- _SUPPLIED MATERIAL_:
↓↓↓

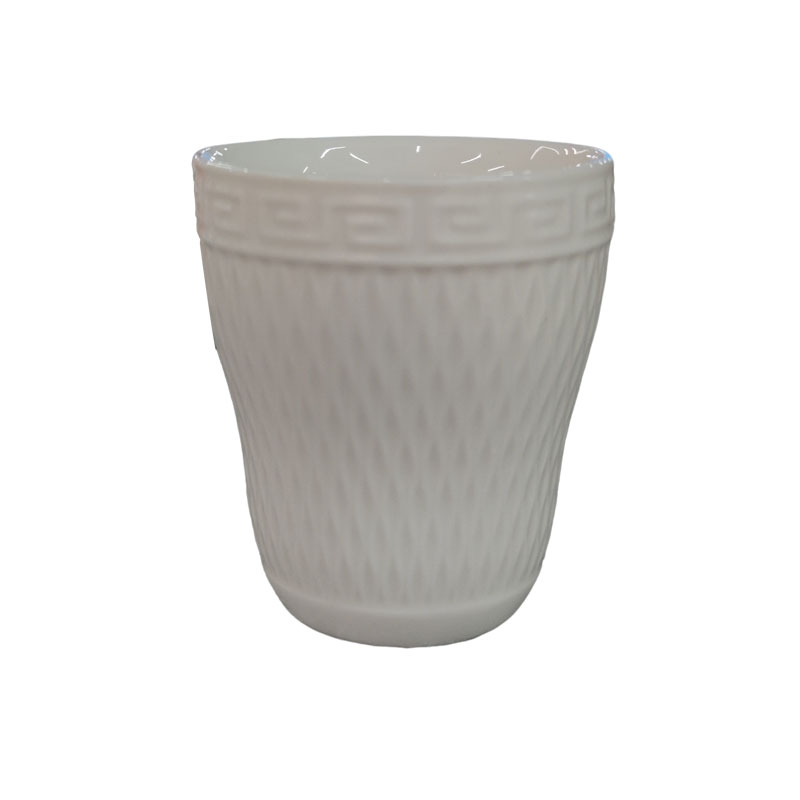White Ceramic Cup with Geometric Pattern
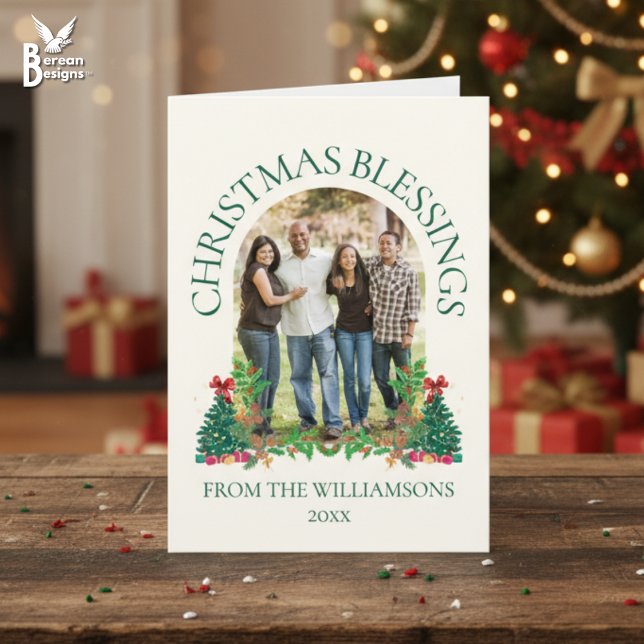Tarjeta BENDICIONES DE NAVIDAD Foto Familiar (Festive Family photo Christmas card with customizable photo and text. Ideal card for Christians)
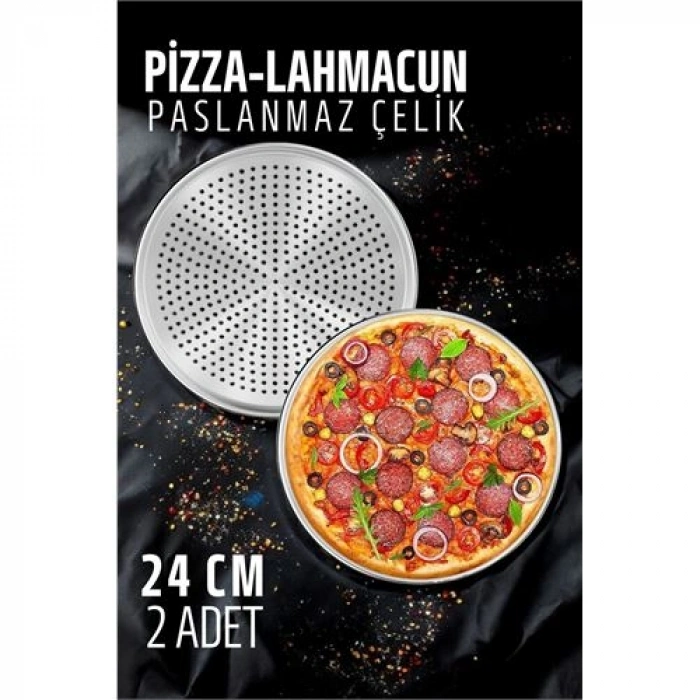 VipMarketim Lahmacun Pizza Pide Pişirme Tepsisi 24 CM 2 li SET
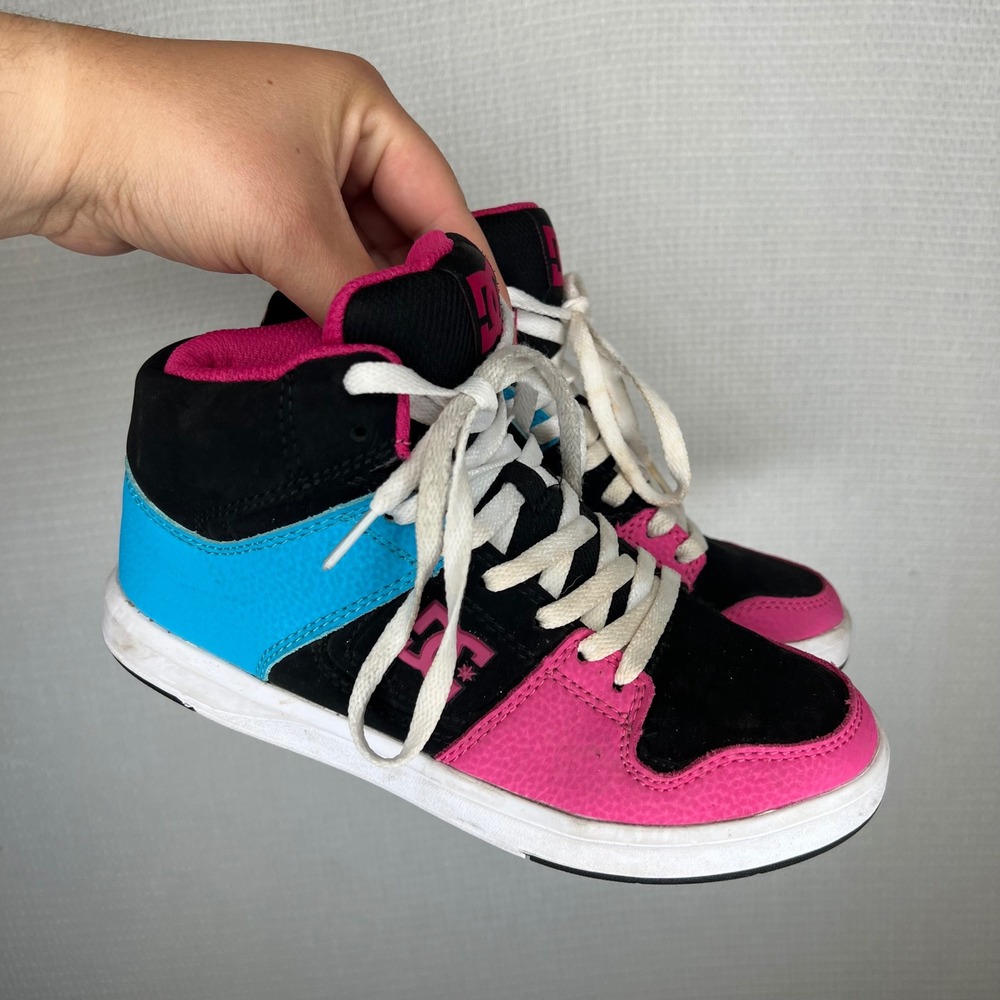 DC Shoes Cure Hi Top Youth 4 Black Pink Blue Leather Skate Sneakers ADGS700034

↑↑↑

- _ACTIVITY_:
Your task is to reproduce exactly the lines from the one with "Tarjeta BENDICIONES DE" to the end of the material, both included, with the pictures left out.

- _WRITTEN SOLUTION_:
Tarjeta BENDICIONES DE NAVIDAD Foto Familiar (Festive Family photo Christmas card with customizable photo and text. Ideal card for Christians)
 VipMarketim Lahmacun Pizza Pide Pişirme Tepsisi 24 CM 2 li SET
 DC Shoes Cure Hi Top Youth 4 Black Pink Blue Leather Skate Sneakers ADGS700034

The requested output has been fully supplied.